#### [WHAT IS REQUIRED]
Take the lines below beginning at the line that has "Clinique Médicale du" and stopping after the line that has "2-к квартира, на", and print them exactly as they are, with no other lines.

Short web captions
----------

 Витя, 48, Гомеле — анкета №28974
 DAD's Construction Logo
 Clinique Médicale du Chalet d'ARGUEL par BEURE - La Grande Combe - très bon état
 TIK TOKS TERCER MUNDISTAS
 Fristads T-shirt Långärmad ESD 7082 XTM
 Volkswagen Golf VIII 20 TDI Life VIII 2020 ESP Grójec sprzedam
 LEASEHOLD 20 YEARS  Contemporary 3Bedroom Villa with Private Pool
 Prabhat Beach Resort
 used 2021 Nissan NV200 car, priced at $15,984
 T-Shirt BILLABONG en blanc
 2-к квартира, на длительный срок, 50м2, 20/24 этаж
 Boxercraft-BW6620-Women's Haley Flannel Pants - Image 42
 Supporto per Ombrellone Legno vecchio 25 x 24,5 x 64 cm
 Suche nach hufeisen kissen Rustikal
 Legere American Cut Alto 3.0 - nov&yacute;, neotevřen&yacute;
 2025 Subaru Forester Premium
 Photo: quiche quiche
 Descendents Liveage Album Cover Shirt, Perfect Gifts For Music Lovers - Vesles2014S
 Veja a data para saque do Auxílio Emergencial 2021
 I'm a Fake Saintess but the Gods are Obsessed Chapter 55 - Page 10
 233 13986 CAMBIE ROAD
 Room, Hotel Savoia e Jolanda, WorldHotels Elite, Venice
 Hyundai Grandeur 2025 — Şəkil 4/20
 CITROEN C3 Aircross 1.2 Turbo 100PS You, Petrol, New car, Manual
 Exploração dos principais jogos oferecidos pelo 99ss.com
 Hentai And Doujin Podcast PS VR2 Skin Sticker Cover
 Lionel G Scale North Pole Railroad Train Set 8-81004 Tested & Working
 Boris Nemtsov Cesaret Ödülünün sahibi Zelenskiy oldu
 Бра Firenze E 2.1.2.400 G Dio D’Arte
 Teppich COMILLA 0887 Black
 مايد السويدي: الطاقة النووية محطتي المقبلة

----------

#### [REPLY TO THE EXERCISE]
 Clinique Médicale du Chalet d'ARGUEL par BEURE - La Grande Combe - très bon état
 TIK TOKS TERCER MUNDISTAS
 Fristads T-shirt Långärmad ESD 7082 XTM
 Volkswagen Golf VIII 20 TDI Life VIII 2020 ESP Grójec sprzedam
 LEASEHOLD 20 YEARS  Contemporary 3Bedroom Villa with Private Pool
 Prabhat Beach Resort
 used 2021 Nissan NV200 car, priced at $15,984
 T-Shirt BILLABONG en blanc
 2-к квартира, на длительный срок, 50м2, 20/24 этаж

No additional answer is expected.